Let us begin with the conclusion.

Define \(F_1, F_2, \dots\) such that:

\[R_n = \prod_{d \mid n} F_d\]

Then, the following holds:

\[\mathrm{LCM}(R_{A_1}, R_{A_2}, \dots, R_{A_n}) = \prod_{\substack{1 \leq i \leq n \text{ and } \\ \exists i \text{ such that } d \mid A_i}} F_d\]

This is everything. In what follows, we will prove this fact.

First, here is an important property of repunits.

Lemma 1

For all positive integers \(n, m\), we have \(\gcd(R_n, R_m) = R_{\gcd(n,m)}\).
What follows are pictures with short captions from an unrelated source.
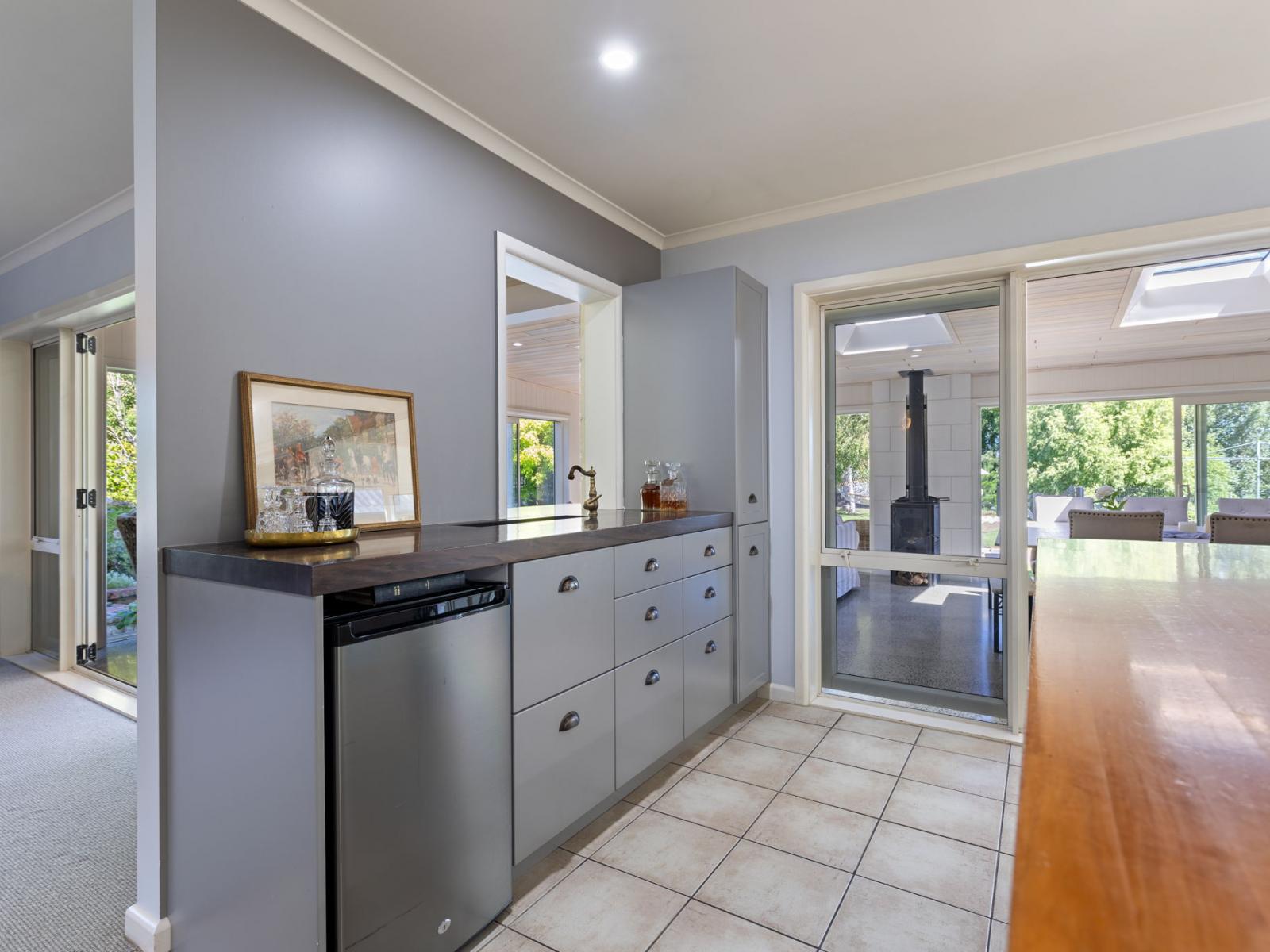 33 Royal Oak Drive, Kelvin Grove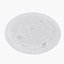 Manhole Cover 25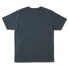 ფოტო #4 პროდუქტის DC Shoes Crunch short sleeve T-shirt
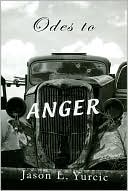 Odes to Anger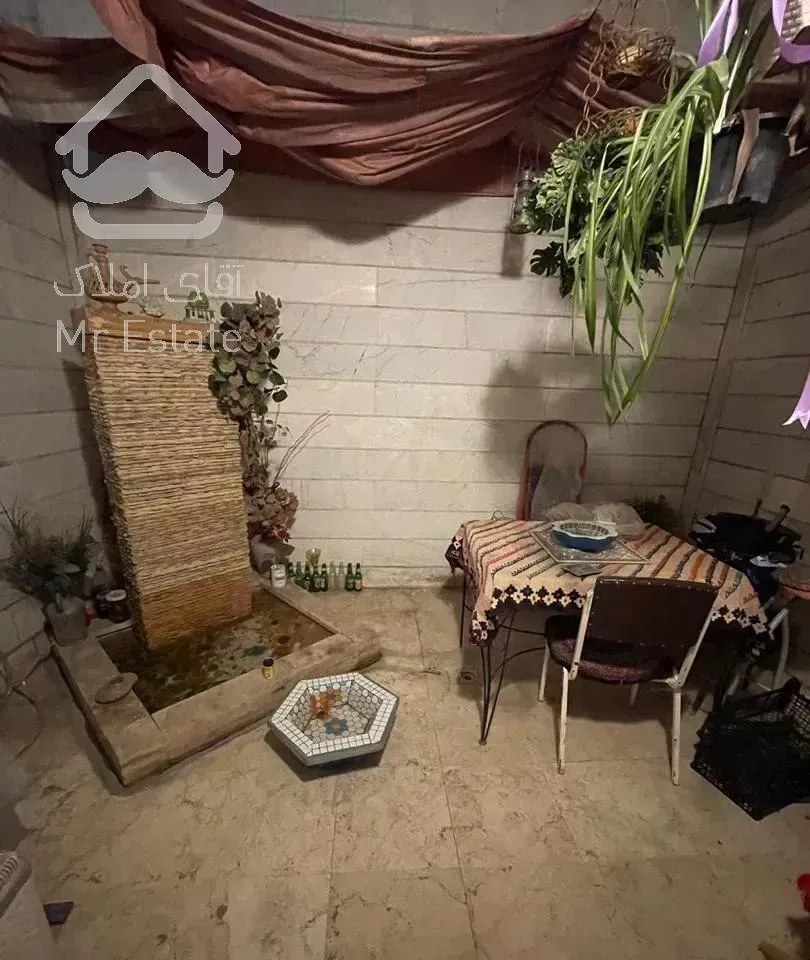 139.9متر شیان 2 فول امکانات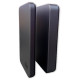 5,000 mAh Custom Ultra Slim MagVibe Magnetic Aluminum Wireless Charger 5,000 mAh Custom Ultra Slim MagVibe Magnetic Aluminum Wireless Charger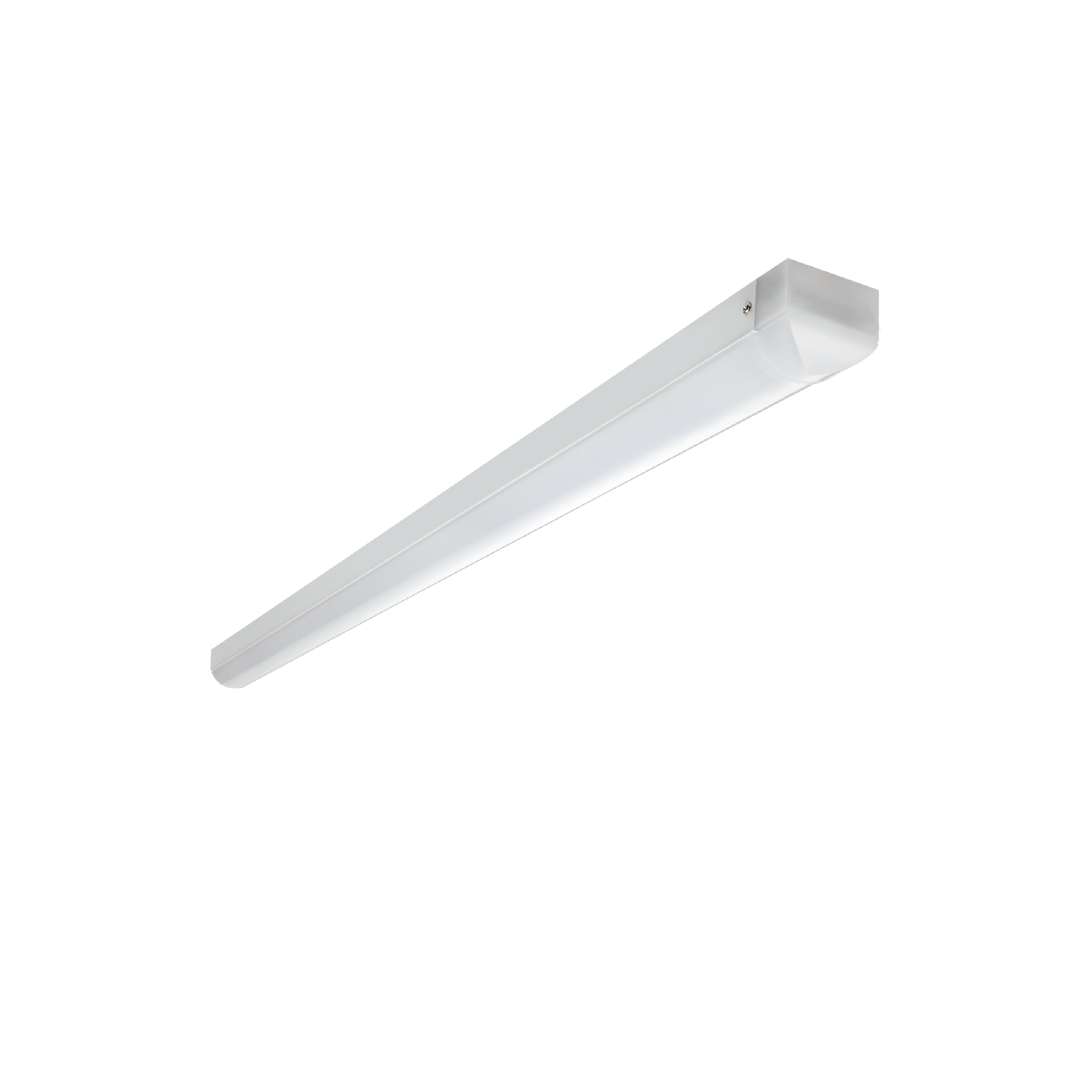 感應燈 BL-360 (停車場用)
(Proof of Lemma 1) This clearly holds when \(n = m\). Without loss of generality, assume \(n > m\). Then:

\[ \begin{aligned} \gcd(R_n, R_m) &= \gcd(R_n - R_m, R_m) \\ &= \gcd(R_{n-m} \times 10^m, R_m) \\ &= \gcd(R_{n-m}, R_m) \end{aligned} \]

By this transformation, we obtain \(\gcd(R_n, R_m) = \gcd(R_{n-m}, R_m)\). Combined with the properties of the Euclidean algorithm, this gives us \(\gcd(R_n, R_m) = R_{\gcd(n,m)}\). (End of proof of Lemma 1)

Intuitive Explanation

As stated above, \(R_n\) has very nice properties. For example, \(\gcd(R_{12}, R_{30}, R_{24}) = R_6\).
Here, if we express \(R_n\) using \(F_n\) that satisfies \(R_n = \prod_{d \mid n} F_d\), for example \(R_6 = F_1 F_2 F_3 F_6\), then:

\[ \begin{aligned} R_{12} &= F_1 F_2 F_3 F_4 F_6 F_{12} \\ R_{30} &= F_1 F_2 F_3 F_5 F_6 F_{10} F_{15} F_{30} \\ R_{24} &= F_1 F_2 F_3 F_4 F_6 F_8 F_{12} F_{24} \end{aligned} \]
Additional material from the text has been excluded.